The Palestinians still don’t get it. They refuse to comprehend their new, much diminished status in the world. They think that that “cause of Palestine” still is at the center of Arab attention. They still think they are in a position to command respect, to make demands and have those demands met, rather than have to plead for aid. They are now at the nadir of their standing in the Arab world. Four Arab states have ignored Palestinian desires, and have joined Israel in the Abraham Accords, normalizing ties with the Jewish state. Three of those states – the United Arab Emirates, Bahrain, and Morocco – have made deals with Israel involving trade, tourism, technology, agriculture, and security. The UAE alone has signed deals worth more than $1 billion with Israel, and also concluded a free-trade agreement with the Jewish state that, the UAE predicts, will within five years lead to $10 billion in bilateral trade.
What’s more, both the most populous Arab state, Egypt, and the richest Arab state, Saudi Arabia, cooperate closely with Israel on security matters. And the Saudi Crown Prince, Muhammad bin Salman, has made clear both his exasperation with the Palestinians — in 2018, he told Mahmoud Abbas to “just take whatever deal the Americans offer you” — and his readiness to consider joining the Abraham Accords, which could take place as soon as he becomes king. His father King Salman is 87, and in poor health.
Yet the Palestinians, as oblivious to reality as ever, had the never-ending audacity to prepare “five demands” that they presented to President Biden when he met with Mahmoud Abbas in mid-July. A report on those demands, written before the meeting, is here.

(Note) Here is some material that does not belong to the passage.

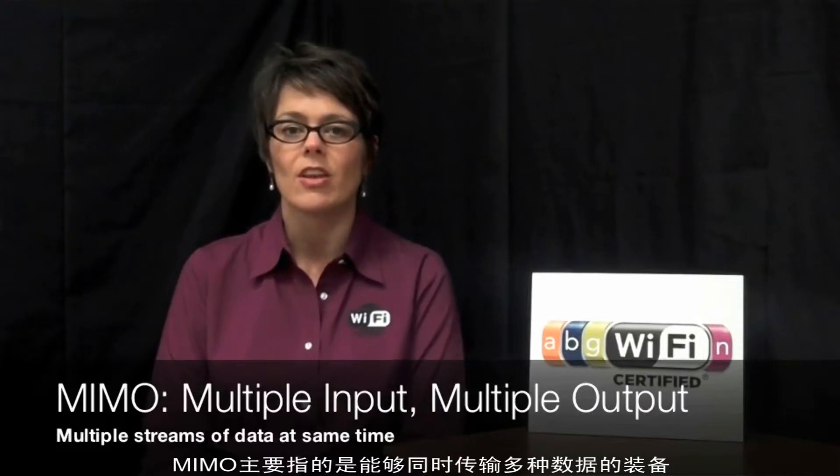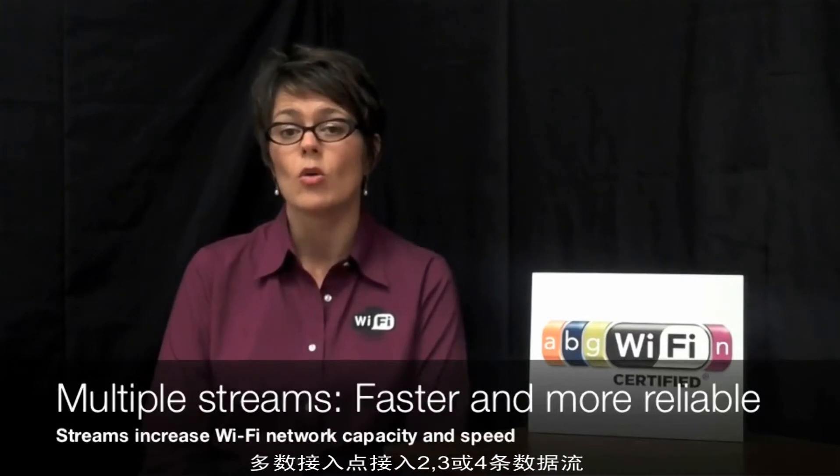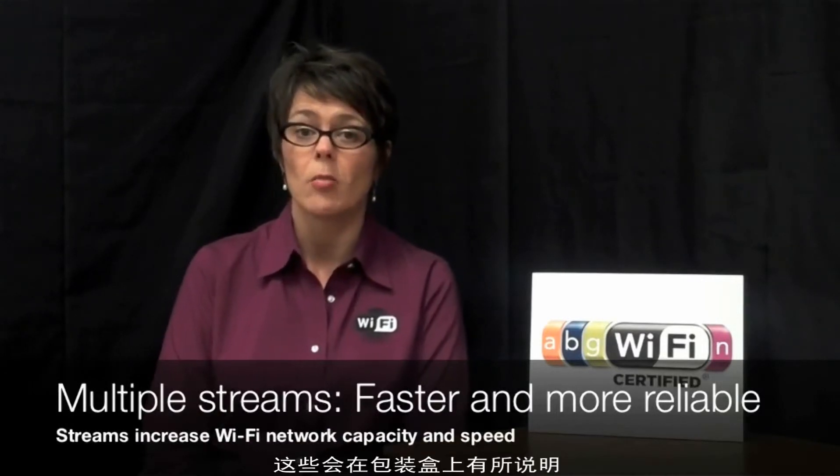Basically, MIMO means that a device can send multiple streams of data at the same time, and this improves the network's speed and reliability. Most access points support two, three, or four streams, and they'll say it on the box.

The Palestinian leadership will present five demands to US President Joe Biden during his upcoming visit to the region, senior Palestinian Foreign Ministry official Ahmed al-Deek told The Jerusalem Post on Sunday.
Deek expressed hope that the Biden administration would accept all the Palestinian demands. He called on Prime Minister Yair Lapid to immediately meet with Palestinian Authority President Mahmoud Abbas to revive the stalled Israeli-Palestinian peace negotiations.
Deek listed the demands as follows:
1.Restoration of a “political horizon” between Israel and the Palestinians.
Deek said that this was the most significant demand because it would entail “obliging the Israeli government to engage in serious negotiations and a peace process to end the occupation.” The Palestinians, he said, are ready to immediately resume the peace negotiations with Israel. “The Palestinians are the only ones who want to return to the negotiations,” Deek argued.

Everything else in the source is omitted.